Typography
Tune headings, paragraphs, lists, and code styles for docs.
Docs typography should be calm, readable, and dense enough for repeated use. Avoid oversized headings inside article bodies.
What to tune
Start with these typography decisions before changing the broader page layout.
- Heading weight and spacing.
- Paragraph line height.
- List spacing.
- Inline code treatment.
- Code block size and padding.
Heading rhythm
Headings should create clear breaks without making every section feel like a landing page. Docs readers scan more than they admire.
Paragraph width
Keep article content narrow enough for comfortable reading. Wide lines slow readers down and make code-heavy pages harder to follow.
Prose components
Use the shared MDX component map when you want every docs and blog page to share the same prose styling.
Code styling
Inline code should be visible but not noisy. Code blocks should have enough padding and contrast to support longer examples.
Reading rhythm
Reading rhythm comes from spacing, line height, and heading contrast. It should help readers move through a page without feeling like every section is competing for attention.
Section spacing
Use more space before major sections than minor sections.

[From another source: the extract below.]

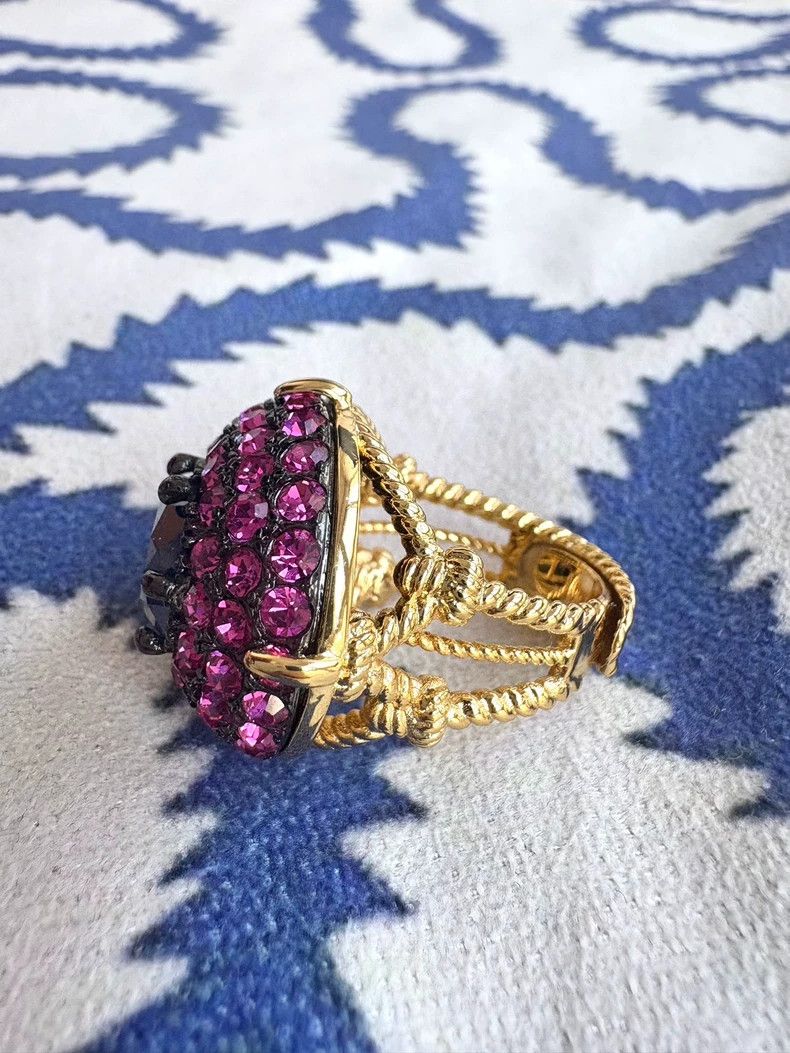 Vivienne Westwood Vivienne Westwood Purple full diamond triangular prism rin Size ONE SIZE - 2 Thumbnail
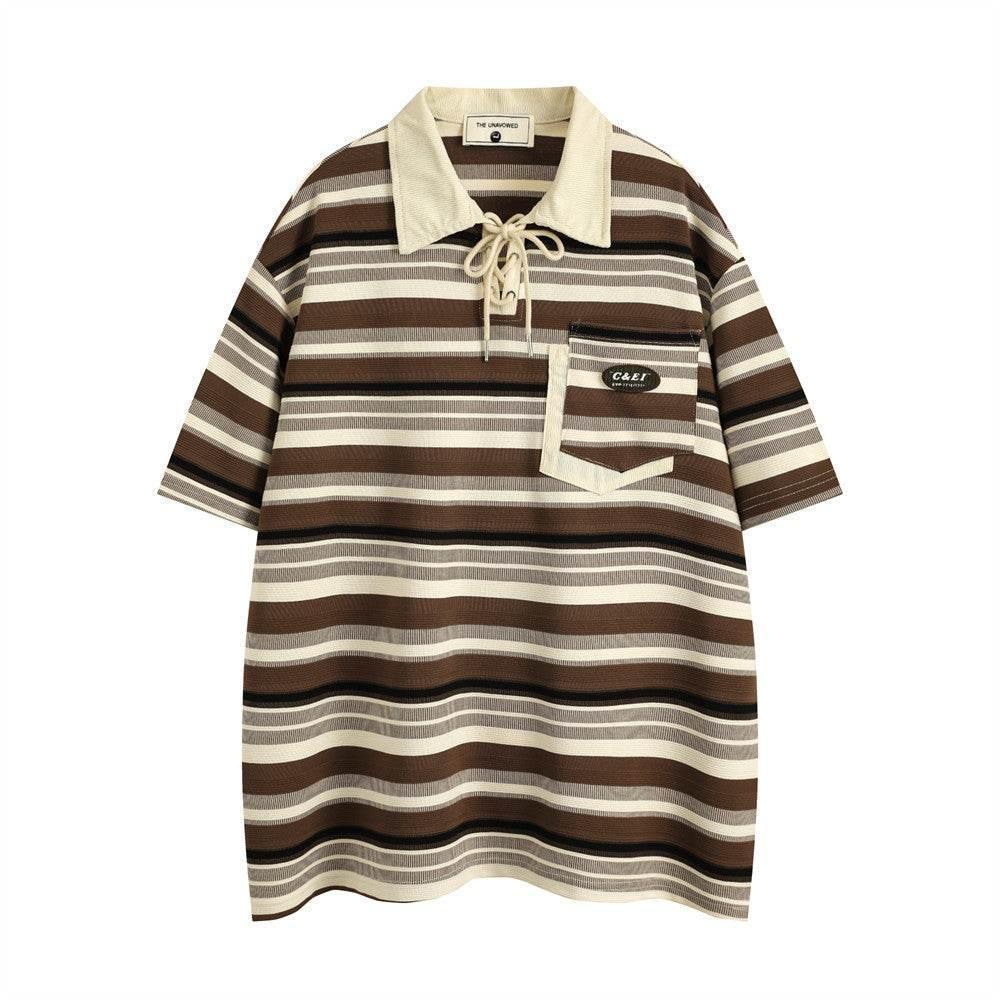 Retro Loose Striped Short-sleeved Polo Shirt For Men Green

This makes ## and ### relationships visible even before reading the text.
List density
Lists should be dense enough to scan but not so tight that every bullet feels cramped. Long lists usually need grouping or supporting paragraphs.
Code typography
Code typography needs a different rhythm than prose. It should support scanning file names, commands, and examples without shrinking text too far.
Command blocks
Commands should be easy to copy and should not wrap awkwardly on normal desktop widths. Use short examples when the command itself is the point.